Reputation: 123
I am trying to extract the content from a PDF in order to create an excel sheet out of it.
import pdfquery
pdf = pdfquery.PDFQuery('C:\\Users\\Santosh\\Downloads\\2017-San-Jamar-
Price-List-US-Z120913E-RevA.pdf')
page = pdf.get_page(3)
page_content = page.extractText()
print (page_content)
It throws the following error:
AttributeError Traceback (most recent call last)

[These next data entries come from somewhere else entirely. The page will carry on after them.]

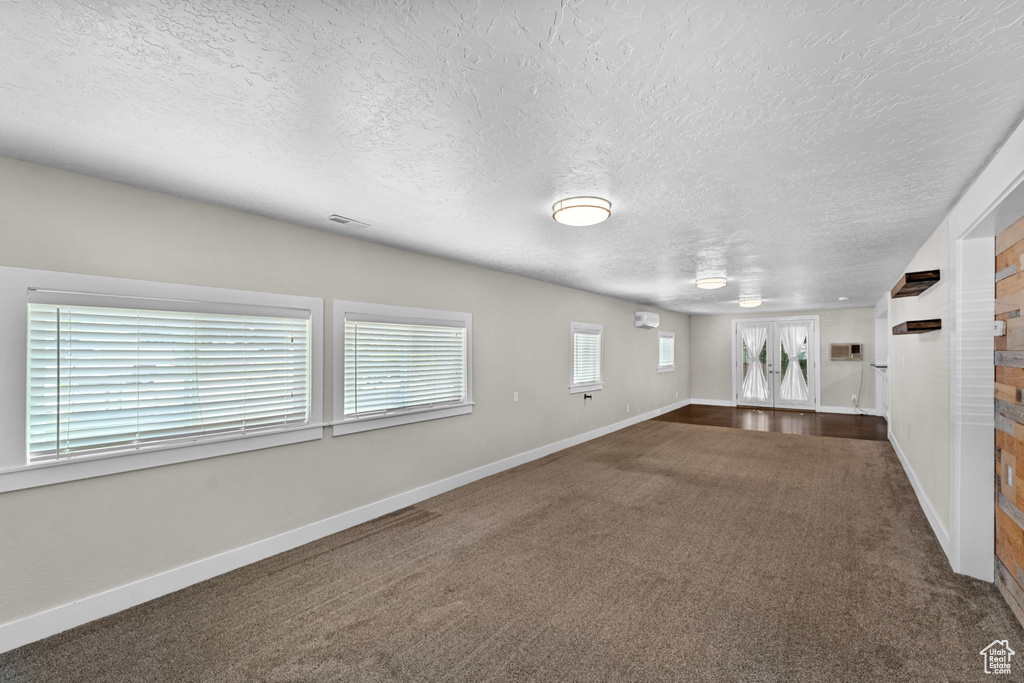 Unfurnished room featuring dark carpet and a textured ceiling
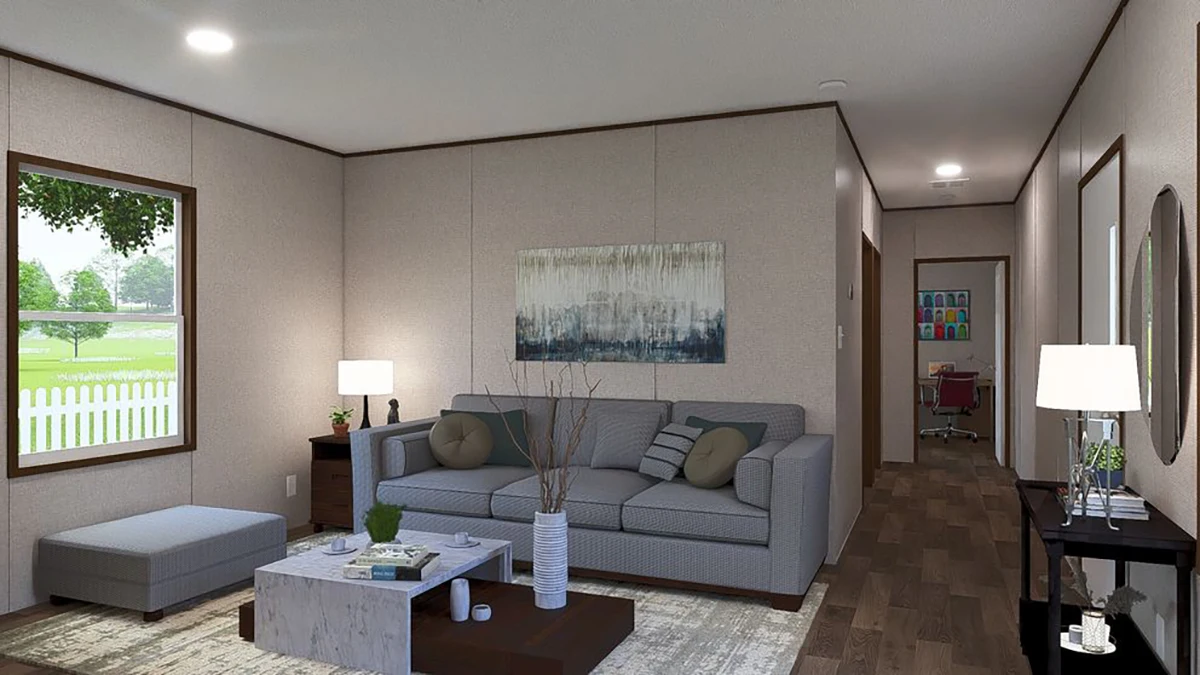 Modern living room with a gray sofa, abstract wall art, coffee table, and lamps; a hallway leads to a distant room with a desk and chair.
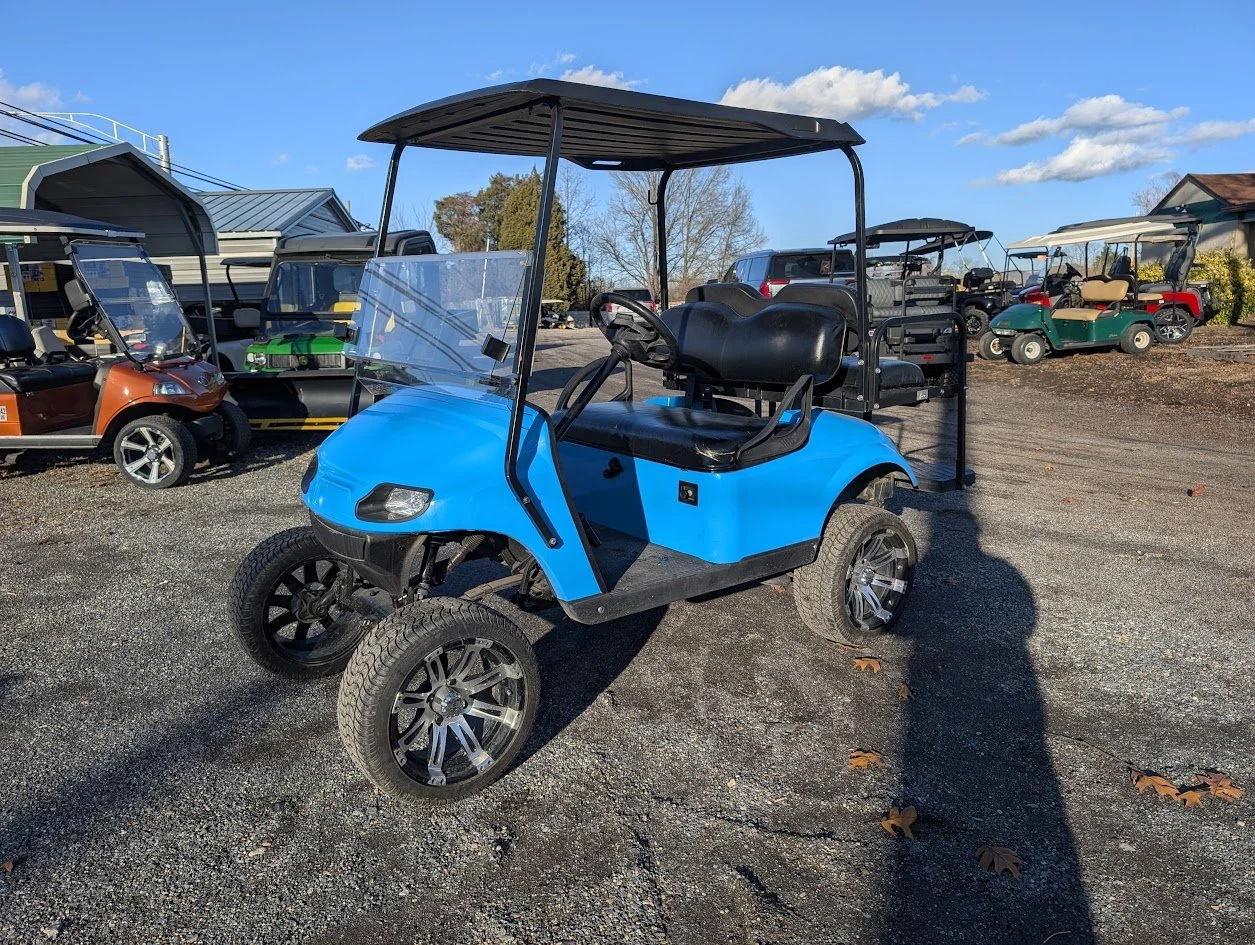 2018 EZGO TXT Gas | 13HP Kawasaki | Lifted Golf Cart with Flip Seat | United Metro Golf Cart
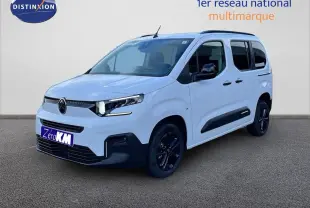 Vue 3/4 avant droite du Citroën Berlingo Multispace blanc glacier avec jantes noires et protections latérales noires.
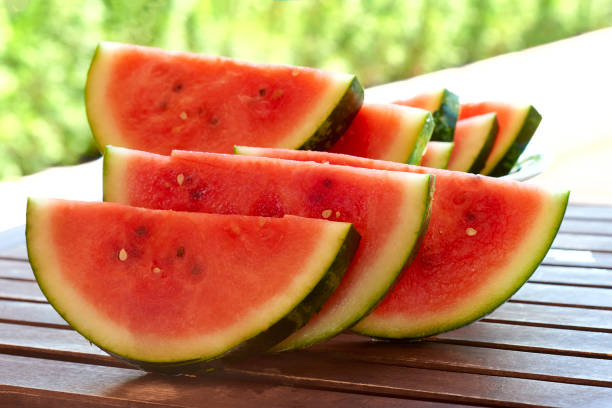 istock Watermelon slices on a wooden background 6 804665518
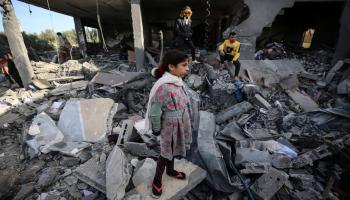 يقفون فوق ركام مبانٍ مدمرة بسبب قصف إسرائيلي في بلدة الزوايدة وسط قطاع غزّة في 10/ 12/ 2023 (Getty)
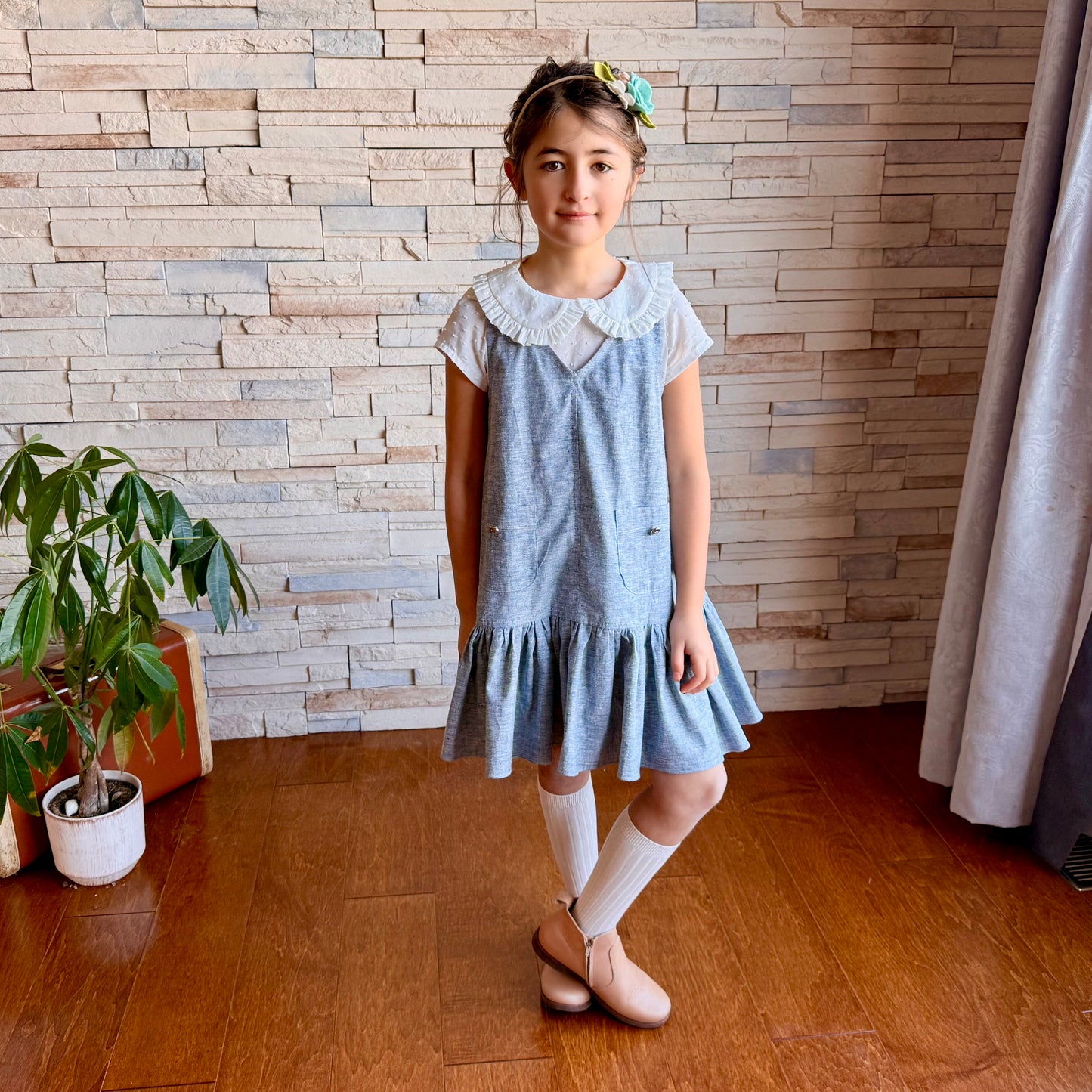 Young girl in a blue dress standing in a room with wooden flooring and a stone wall.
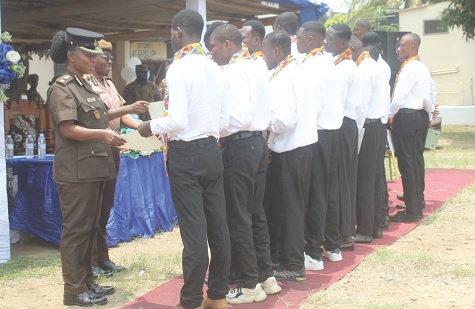 DPP Augustina Mensah-Fiadzo (left), Officer in Charge of James Camp Prison, presenting certificate to the graduates. Picture: ESTHER ADJORKOR ADJEI DPP Augustina Mensah-Fiadzo (left), Officer in Charge of James Camp Prison, presenting certificate to the graduates. Picture: ESTHER ADJORKOR ADJEI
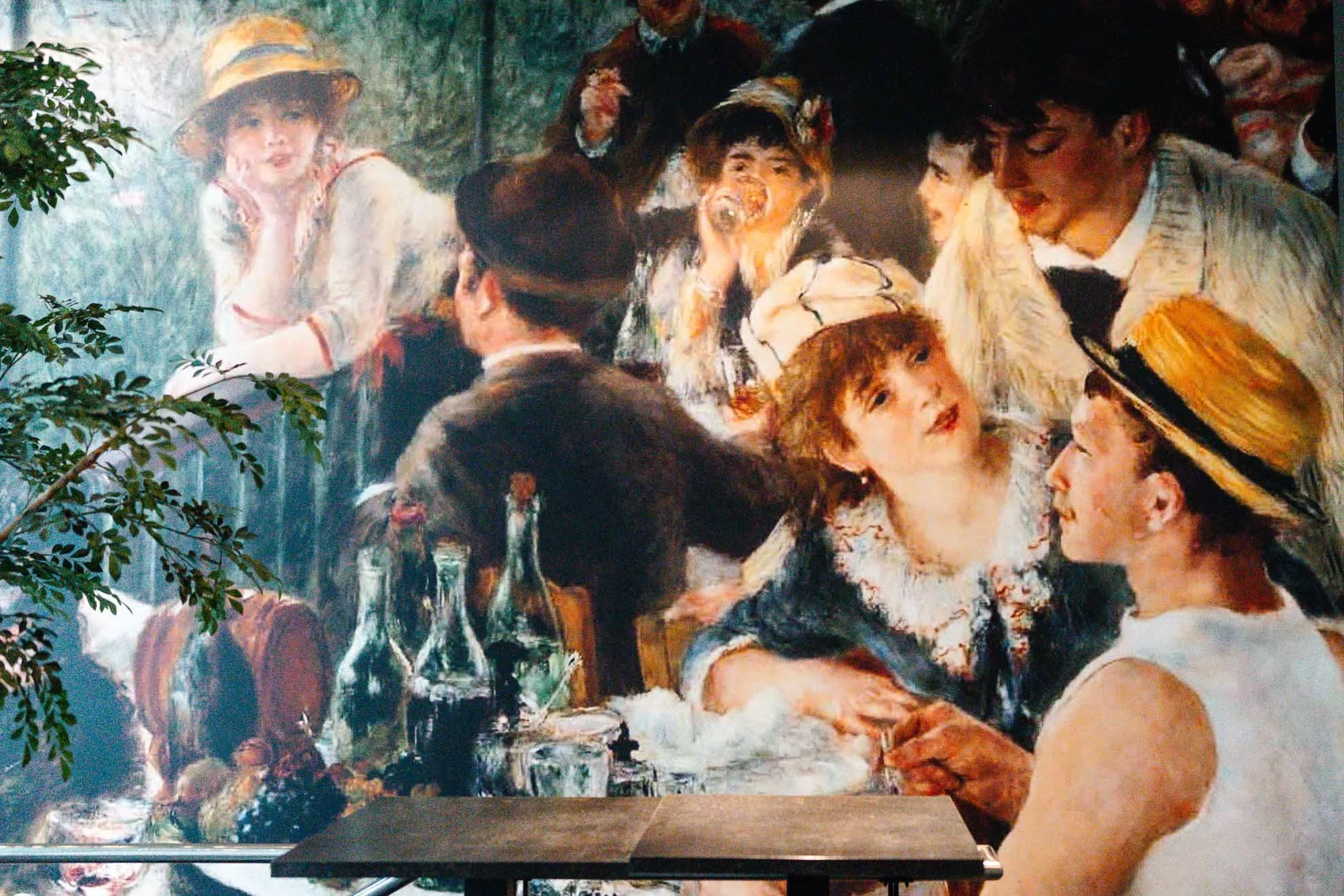 A group of people gathered around a table with drinks, engaged in conversation, next to a large, colorful Impressionist-style painting of women and children at a fountain, with greenery in the foreground.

<ipython-input-32-d6b615faa422> in <module>()
1 page = pdf.get_page(3)
----> 2 page_content = page.extractText()
3 print (page_content)
AttributeError: 'PDFPage' object has no attribute 'extractText'
Please let me know a possible solution.
Upvotes: 1
Views: 16881
Reputation: 128
Use PyPDF2 instead of pdfquery
from PyPDF2 import PdfReader
reader = PdfReader('C:\\Users\\Santosh\\Downloads\\2017-San-Jamar-
Price-List-US-Z120913E-RevA.pdf')
page = reader.pages[3]
print(page.extract_text())
Upvotes: 2
Reputation: 513
I reinstalled PyPDF2 after uninstalling PyPDF and PyPDF, and the issue was resolved.
pip uninstall PyPDF
pip uninstall PyPDF2
pip install PyPDF2
Upvotes: 0
Reputation: 502
I had also face the same issue. This is due to the non updated version of pypdf2 package installed already with other pdf reader dependencies. By reinstalling pypdf2 is resolved my error.
pip uninstall pypdf2
pip install pypdf2
This worked for me
Upvotes: 1